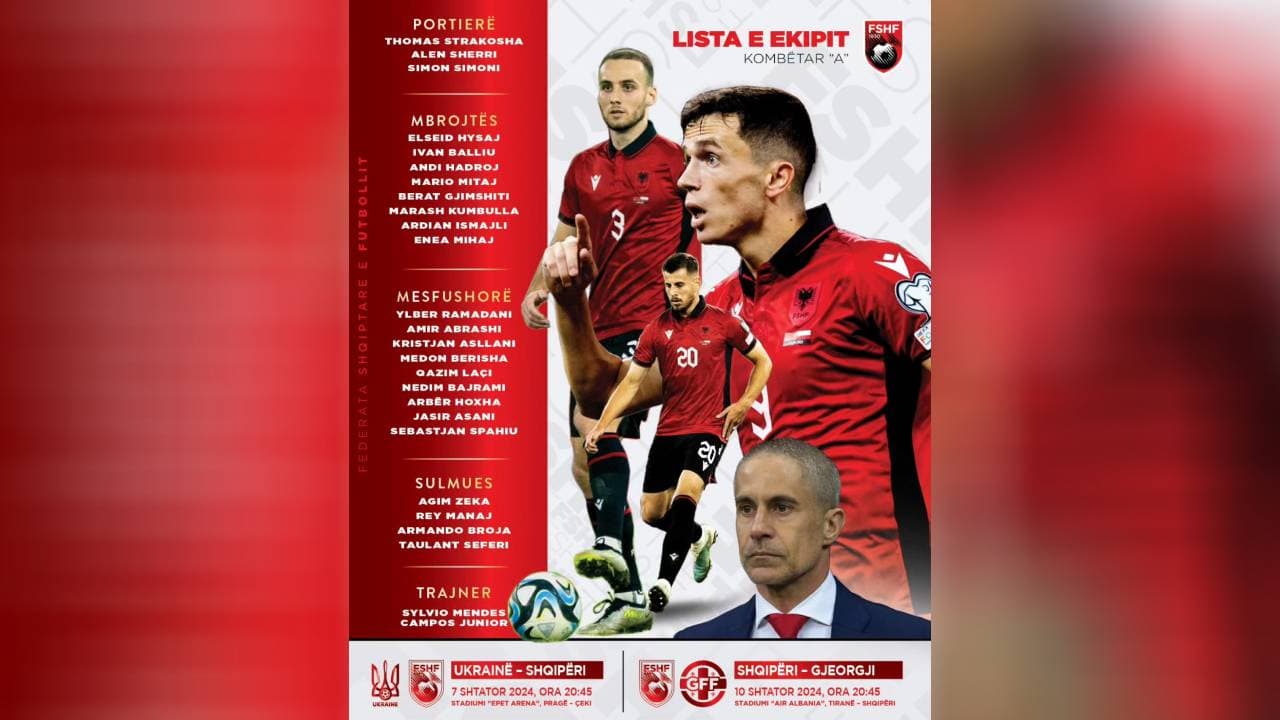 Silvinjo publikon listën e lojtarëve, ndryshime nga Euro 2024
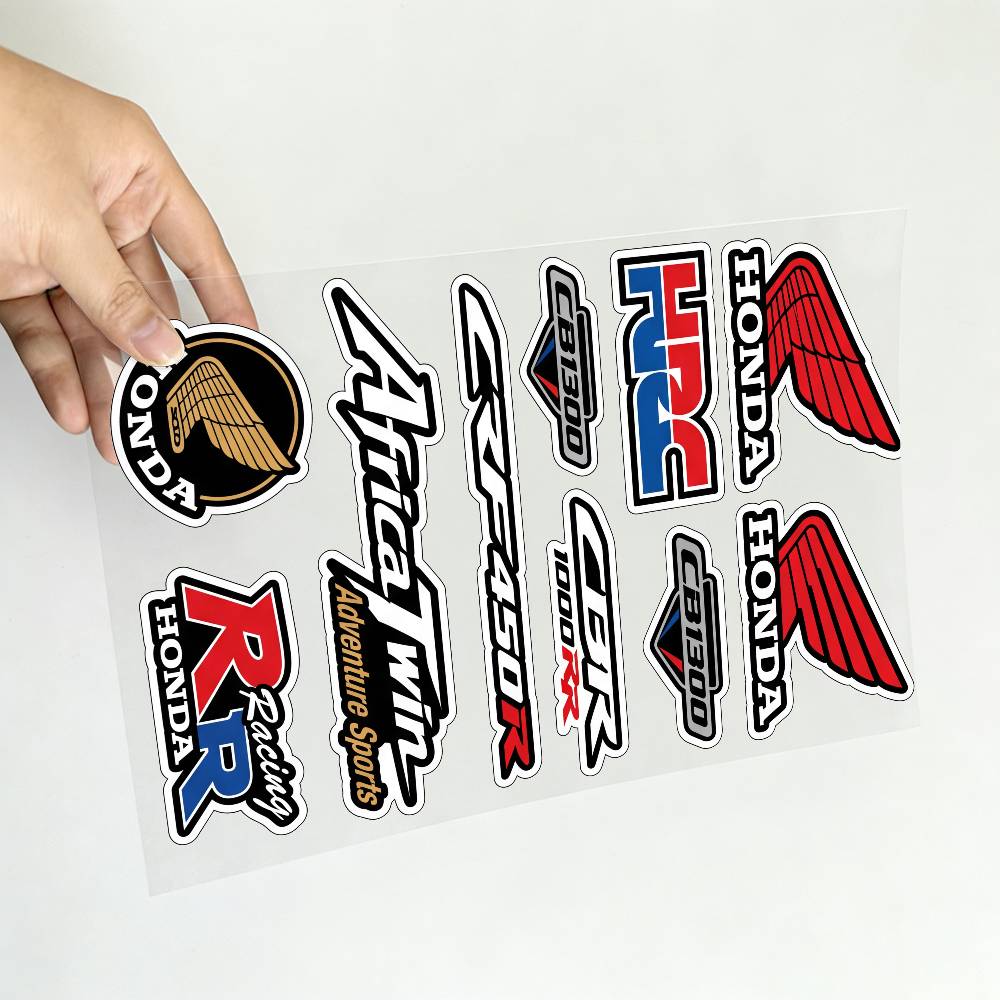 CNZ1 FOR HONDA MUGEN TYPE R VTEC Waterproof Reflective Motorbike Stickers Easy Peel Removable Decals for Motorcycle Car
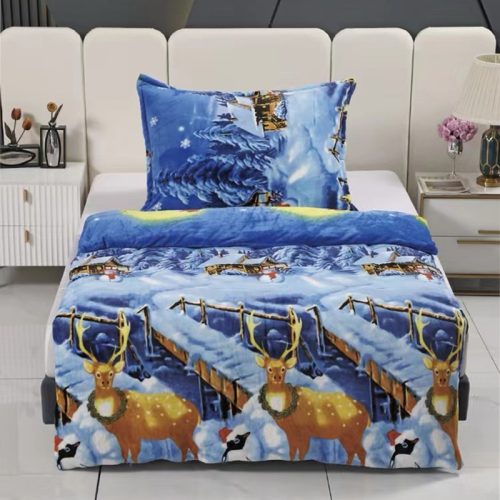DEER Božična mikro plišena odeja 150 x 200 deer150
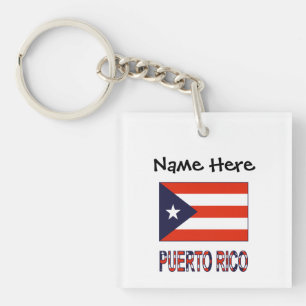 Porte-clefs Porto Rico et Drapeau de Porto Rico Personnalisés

######

Required action: Transcribe, please, the lines from the one holding "CNZ1 FOR HONDA" to the final line of the material, both included, exactly and with no extra lines, and skip the pictures.

Solved problem:
 CNZ1 FOR HONDA MUGEN TYPE R VTEC Waterproof Reflective Motorbike Stickers Easy Peel Removable Decals for Motorcycle Car
DEER Božična mikro plišena odeja 150 x 200 deer150
 Porte-clefs Porto Rico et Drapeau de Porto Rico Personnalisés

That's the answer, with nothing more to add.